8. O regime de exclusividade de um contrato de mediação imobiliária visa impedir a celebração de contrato de mediação com outra mediadora, durante o período de vigência desse contrato, visando proteger o interesse da empresa mediadora, na medida em que afasta do seu “caminho” a concorrência.
9. No regime de exclusividade só a Mediadora contratada tem o direito de promover o negócio objeto do contrato de mediação durante o período de vigência, e por se tratar de uma cláusula contratual geral, a sua interpretação obedecerá às regras estabelecidas nos artºs 236º a 238º do C. C.
10. Na interpretação deste tipo de cláusula contratual geral, vale, pois o sentido que lhe daria o declaratário normal no contexto do contrato individual celebrado.
11. Não está vedado ao proprietário do imóvel, ele próprio concretizar o negócio da venda do seu imóvel, mesmo quando celebra um contrato em regime de exclusividade com agência imobiliária.
12. O facto de o cliente ter vendido o imóvel antes do termo do contrato de mediação que tinha celebrado com a mediadora, em regime de exclusividade, sem que tivesse comunicado à mesma tal facto, apenas configura uma violação contratual.
13. Esta violação contratual não dá lugar ao pagamento da remuneração, mas sim de uma indemnização pelos prejuízos causados.
14. Num contrato de mediação imobiliária para que a mediadora lograsse ter direito à remuneração, em face do contrato com a cláusula de exclusividade era pressuposto determinante a prova de que angariou cliente para a celebração do negócio.
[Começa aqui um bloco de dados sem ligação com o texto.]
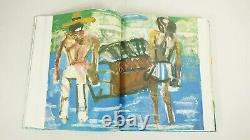 Limited Editions Club Poems of the Caribbean Hardcover Art by Romdre W10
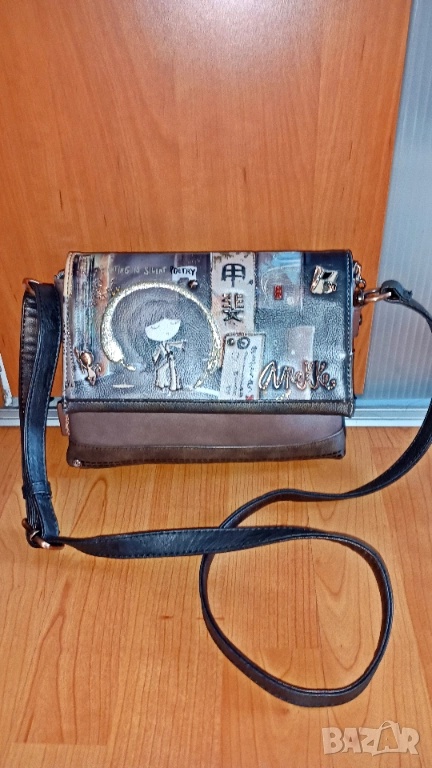 Anekke нова , снимка 1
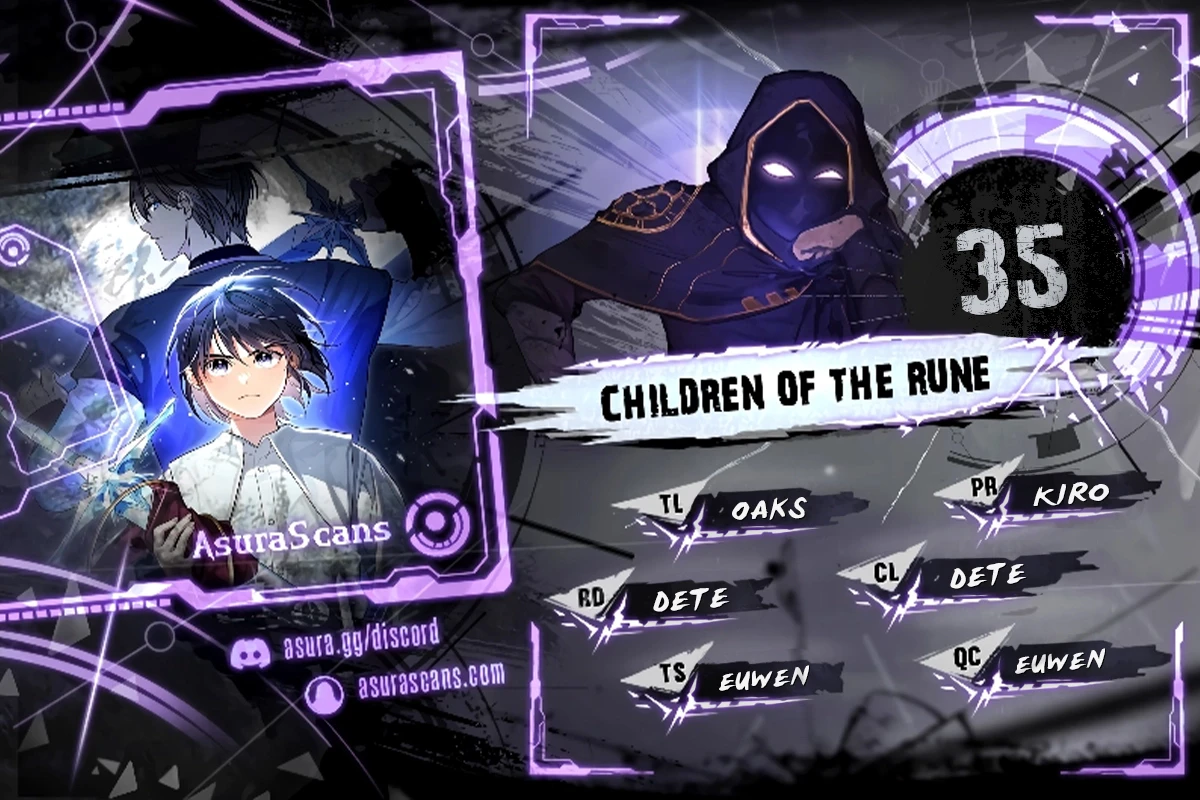 Read Children Of The Rune EN Manga Online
15. Inexistem fundamentos, quer de facto, quer de direito para impor ao Requerido/recorrente o pagamento da remuneração peticionada.
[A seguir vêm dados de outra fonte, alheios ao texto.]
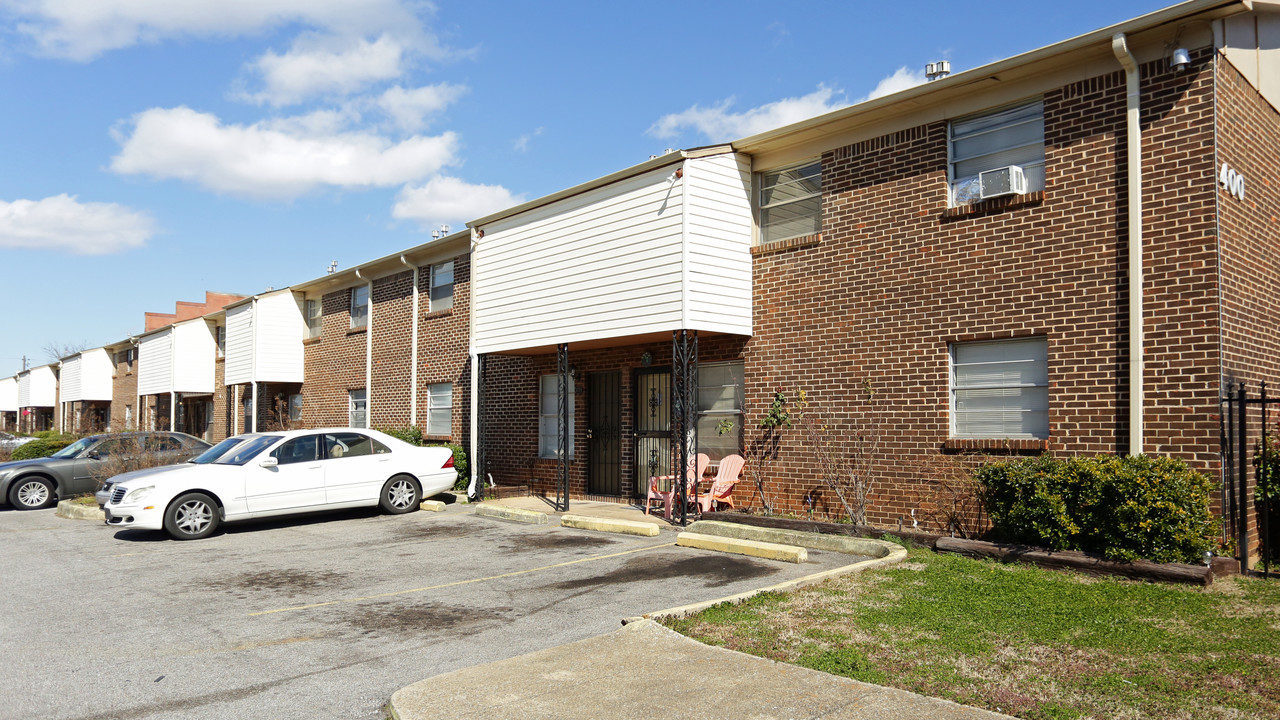 400-402 Goldwire Cir SW in Birmingham, AL - Building Photo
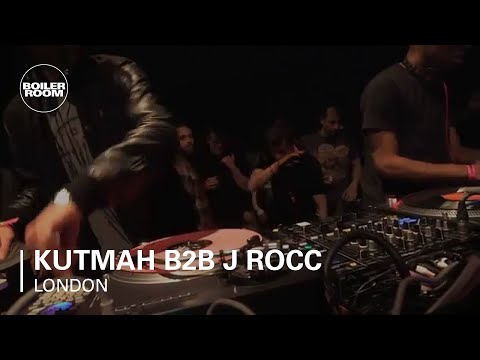 Kutmah B2B J Rocc Boiler Room DJ Set at DIESEL + EDUN present Studio Africa - UCGBpxWJr9FNOcFYA5GkKrMg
16. A sentença recorrida violou os artºs 236º a 238º, 1154º do Código Cívil e ainda os artºs 2º, nº 1 e 4 e nº 1 do artº 18º do Decreto-Lei nº 211/2004, de 20 de Agosto.
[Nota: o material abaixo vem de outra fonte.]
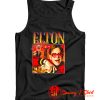 Elton John Homage Tank Top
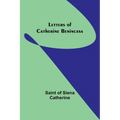 Letters of Catherine Benincasa - Paperback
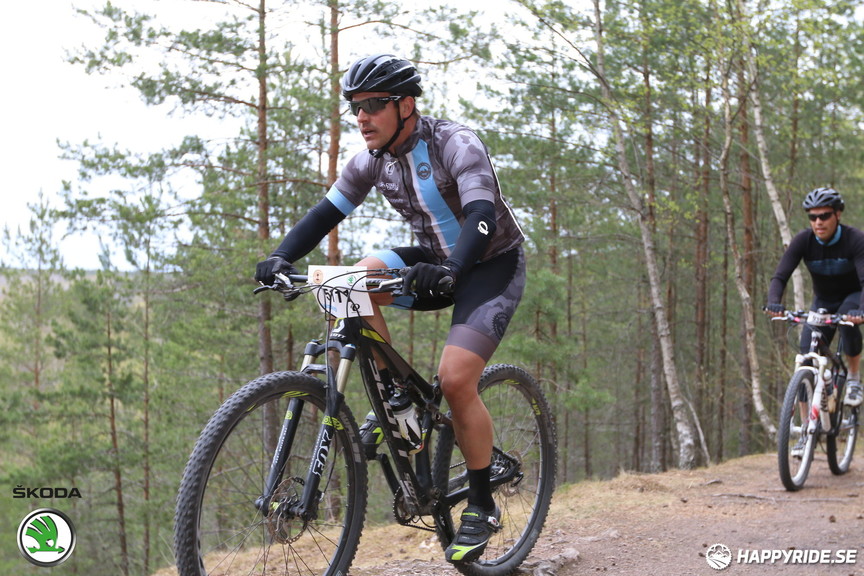 Bild från Skandisloppet MTB 2017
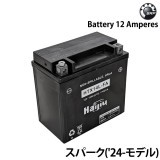 Battery 12 Amperes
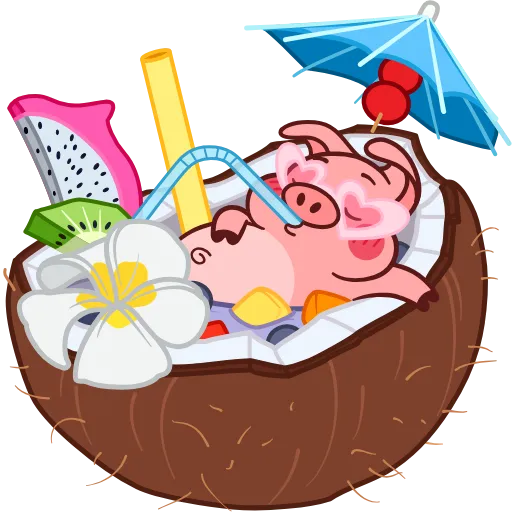 🧉 Эмодзи «Эмодзи в "Pig Valera stat"» для Telegram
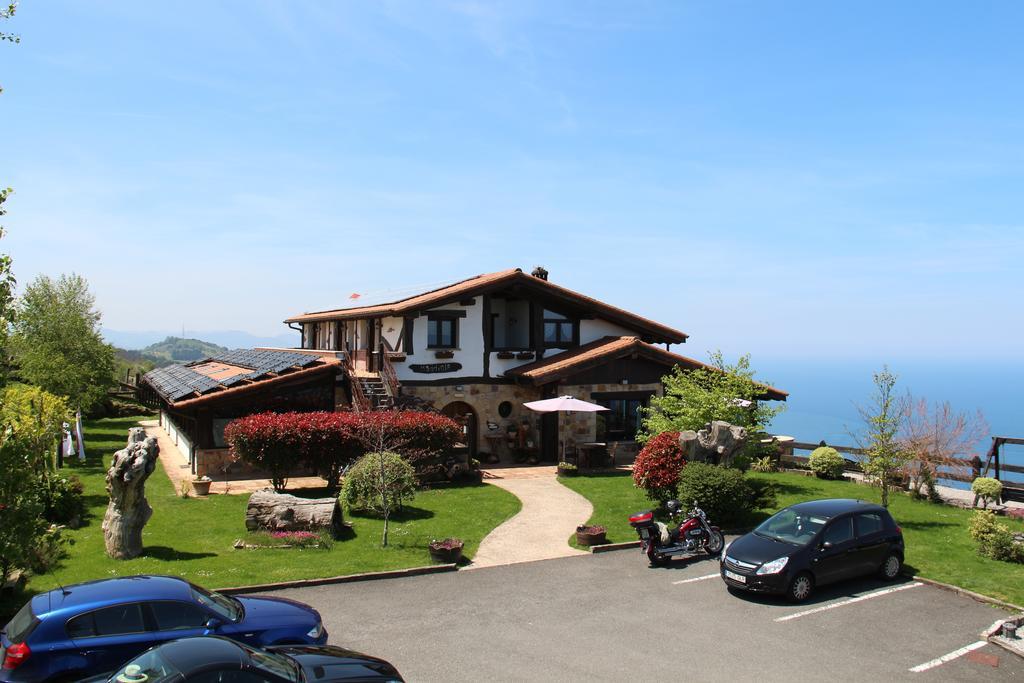 Agroturismo Maddiola San Sebastián Exteriér fotografie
Os concretos pontos de facto incorretamente julgados são: Alíneas g), h) e i) dos factos considerados provados-
Os concretos meios probatórios constantes do processo e das gravações realizadas, que impunham decisão diversa da recorrida são:
DOCUMENTOS:
1. contrato de mediação imobiliária de 29.04.2011 de fls 84 dos autos;
2. Contrato promessa de compra e venda de 27.04.2011 de fls 85 e segs dos autos
3. Escritura pública de compra e venda de 17.05.2011
GRAVAÇÃO DOS DEPOIMENTOS DAS TESTEMUNHAS:
A reapreciação dos depoimentos gravados, referidos nas alegações, com transcrição junta.
NESTES TERMOS e com o douto suprimento do omitido, deve o presente Recurso ter provimento, ser considerado procedente e, consequentemente ser integralmente revogada a Sentença recorrida.
A Requerente apresentou contra-alegações no sentido da improcedência da apelação.
Cumpridos os vistos legais, há que decidir.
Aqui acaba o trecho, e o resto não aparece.